Espetáculo imersivo de Valter Hugo Mãe e Nídia Roque no CCB. Para a infância e juventude, sobre o amor e os afetos. De 27 jan a 1 fev.
Cartaz alusivo ao espetáculo O Paraíso São os Outros, com ilustração de Ângela Rocha, no CCB.

Um espetáculo sensorial para infância e juventude sobre o amor e o encontro


O amor começa quando aprendemos a escutar o outro


O Centro Cultural de Belém recebe, de 27 de janeiro a 1 de fevereiro, na Black Box, O Paraíso São os Outros, um espetáculo imersivo pensado para a infância e juventude, com texto de Valter Hugo Mãe e encenação de Nídia Roque, numa criação do Teatro da Cidade que aposta na escuta, na proximidade e na experiência sensorial como formas de encontro.

Partindo de uma pergunta simples e, ao mesmo tempo, gigantesca — onde reside o amor? —, o espetáculo convida o público a acompanhar o olhar atento de uma rapariga que observa o mundo à sua volta.
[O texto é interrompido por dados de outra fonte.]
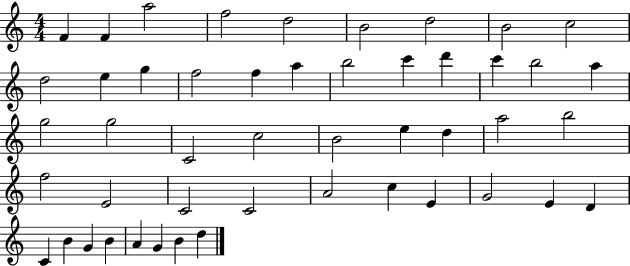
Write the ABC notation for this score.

X:1
T:Untitled
M:4/4
L:1/4
K:C
F F a2 f2 d2 B2 d2 B2 c2 d2 e g f2 f a b2 c' d' c' b2 a g2 g2 C2 c2 B2 e d a2 b2 f2 E2 C2 C2 A2 c E G2 E D C B G B A G B d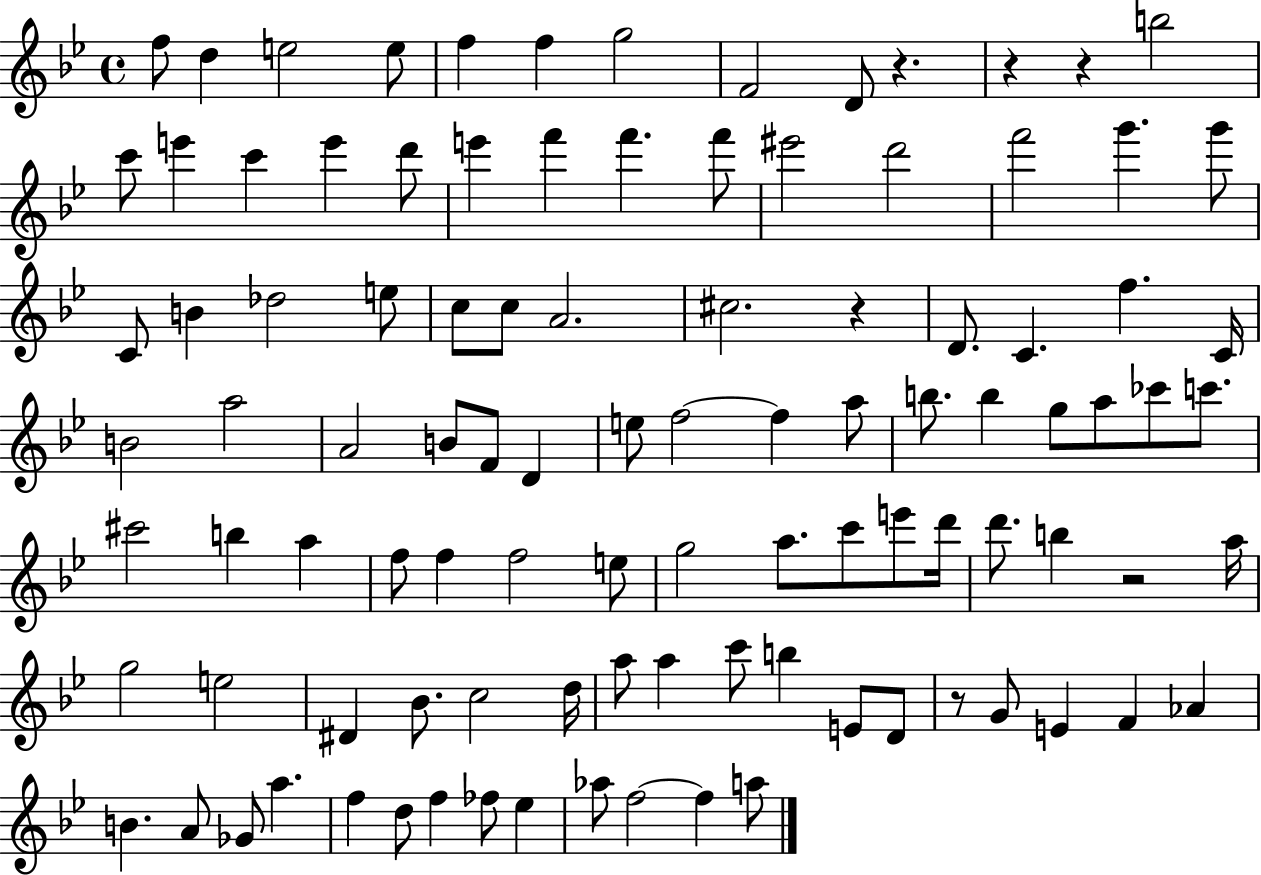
{
  \clef treble
  \time 4/4
  \defaultTimeSignature
  \key bes \major
  \repeat volta 2 { f''8 d''4 e''2 e''8 | f''4 f''4 g''2 | f'2 d'8 r4. | r4 r4 b''2 | \break c'''8 e'''4 c'''4 e'''4 d'''8 | e'''4 f'''4 f'''4. f'''8 | eis'''2 d'''2 | f'''2 g'''4. g'''8 | \break c'8 b'4 des''2 e''8 | c''8 c''8 a'2. | cis''2. r4 | d'8. c'4. f''4. c'16 | \break b'2 a''2 | a'2 b'8 f'8 d'4 | e''8 f''2~~ f''4 a''8 | b''8. b''4 g''8 a''8 ces'''8 c'''8. | \break cis'''2 b''4 a''4 | f''8 f''4 f''2 e''8 | g''2 a''8. c'''8 e'''8 d'''16 | d'''8. b''4 r2 a''16 | \break g''2 e''2 | dis'4 bes'8. c''2 d''16 | a''8 a''4 c'''8 b''4 e'8 d'8 | r8 g'8 e'4 f'4 aes'4 | \break b'4. a'8 ges'8 a''4. | f''4 d''8 f''4 fes''8 ees''4 | aes''8 f''2~~ f''4 a''8 | } \bar "|."
}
É através dessa voz que se desenha um percurso delicado por diferentes formas de afeto: o amor nas famílias, nas amizades, nos animais, nos pequenos gestos quotidianos e nas relações que nos moldam enquanto pessoas. Nada é explicado em excesso; tudo é sentido.

A encenação aposta num dispositivo cénico imersivo que aproxima intérpretes e espetadores, criando um espaço partilhado onde a escuta ganha corpo e o tempo abranda. Aqui, o teatro não se limita a contar uma história: propõe um lugar de encontro, de construção emocional e de reflexão conjunta, onde cada presença conta. O paraíso, sugere o espetáculo, pode estar precisamente nesse estar-com-os-outros.

Em palco, Beatriz Brás dá voz e corpo a este universo sensível, acompanhada pela música original ao vivo de Leonardo Outeiro, que assina também a composição musical. Palavra e som entrelaçam-se numa experiência que privilegia a contemplação e o sentir, convidando públicos a partir dos 8 anos a desacelerar e a reconhecer a importância do outro como elemento central da nossa humanidade.

Mais do que um espetáculo narrativo, O Paraíso São os Outros assume-se como uma experiência poética e sensorial, onde o amor é pensado não como conceito abstrato, mas como prática diária, presença silenciosa e construção coletiva. Um teatro que não grita, mas fica.

Nota do Editor – Portal Splish Splash
Num tempo em que tudo corre depressa e se consome ainda mais depressa, este espetáculo lembra algo quase revolucionário: parar, escutar e olhar para o outro. Às vezes, o paraíso não está longe. Está sentado ao nosso lado, na penumbra de uma sala.